西ノ島・先祖の霊乗せシャーラ船 住民や帰省客見送る

沖へと進むシャーラ船(下)=島根県西ノ島町内
 盆に迎えた先祖の霊を船に乗せて海へと送る伝統行事「シャーラ(精霊)船送り」が16日、島根県西ノ島町内の各地区であった。あいにくの雨で、鮮やかな装飾の色紙は流れ落ちたが、岸壁や海上では住民や帰省客らが沖へと向かう船を厳かな気持ちで見送った。

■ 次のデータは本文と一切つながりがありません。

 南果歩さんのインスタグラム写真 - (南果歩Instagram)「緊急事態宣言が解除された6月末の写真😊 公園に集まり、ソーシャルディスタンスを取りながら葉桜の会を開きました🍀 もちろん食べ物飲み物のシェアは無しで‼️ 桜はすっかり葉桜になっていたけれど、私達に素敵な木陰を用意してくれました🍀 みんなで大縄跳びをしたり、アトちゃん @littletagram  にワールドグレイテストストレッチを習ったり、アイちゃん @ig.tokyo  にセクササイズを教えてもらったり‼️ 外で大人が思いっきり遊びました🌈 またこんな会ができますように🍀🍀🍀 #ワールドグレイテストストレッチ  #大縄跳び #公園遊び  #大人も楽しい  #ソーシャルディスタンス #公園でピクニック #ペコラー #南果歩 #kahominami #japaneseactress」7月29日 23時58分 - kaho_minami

 このうち、美田地区の船越区(約170世帯)では5日から竹や木の骨組みに、わらやアシを巻き付けた長さ約5メートル、最大幅約3のシャーラ船を製作。

 16日朝は、各家が墓や仏壇に供えていた「はた」と呼ばれる色とりどりの和紙などで飾った長さ10メートルと10.5メートルの柱2本を船体に取り付けて最後の仕上げをし、住民らの「御詠歌」が響く中、クルーザーにえい航され美田湾を離れた。

 シャーラ船には初盆を迎えた家人らが乗船し、住民らは漁船などで伴走して2~3キロ沖合まで進んだ。

 船越区の安達亮区長(72)は「(シャーラ船は)区の連帯感を築き、保つ大切な行事。絆も一層深まった」と話した。